Each desk represents one of the 857 students who drop out of high school in the United States every single hour, every single school day, according to the College Board, which arranged the display to underline its effort to urge presidential candidates to put education at the top of their to-do lists.
The board had nearly a dozen people, iPads in hand, gathering signatures in nearly 100-degree weather for an online petition that said: “If you want my support, I need to hear more from you about how you plan to fix the problems with education. And not just the same old platitudes. I want to know that you have real, tangible solutions, and that once in office, you’re ready to take serious action. I’ll be watching your acceptance speech at your party’s convention…”
The man responsible for executing the display is Adam Hollander, 38, of New York, executive creative producer for Brand Marketers. “We now live in a very visual culture,” he said, his complexion florid after hours in the sun on Tuesday. “Now, you have to see it to believe it. Everybody hears that 857 number, but it doesn’t really mean anything until you’re able to see it.”

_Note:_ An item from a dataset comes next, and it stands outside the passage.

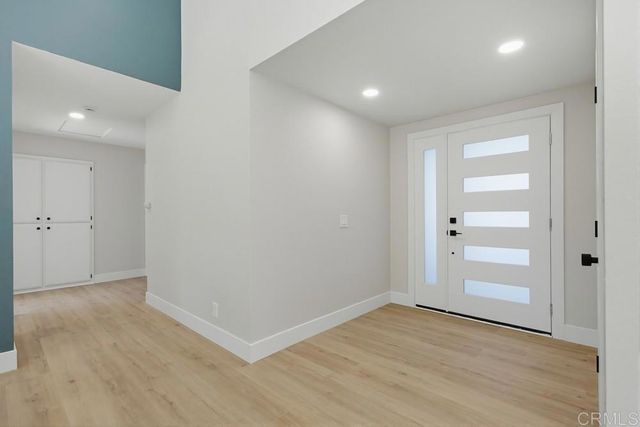 $899,990 | 3501 Redwood Street, Oceanside, CA 92058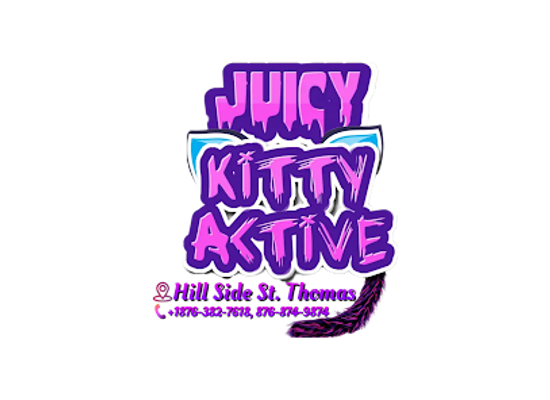 jamaica/john-crow-mountains/bar/juicy-kitty-aktiv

Both President Obama and Mitt Romney, his presumptive Republican opponent, often mention the importance of education, usually in the context of fixing the country’s economy and creating jobs, or of making college more affordable — the subject of a speech by Mr. Obama in January. In a speech in May, Mr. Romney proposed allowing poor and disabled students to use federal money to attend any public, private or online school they choose.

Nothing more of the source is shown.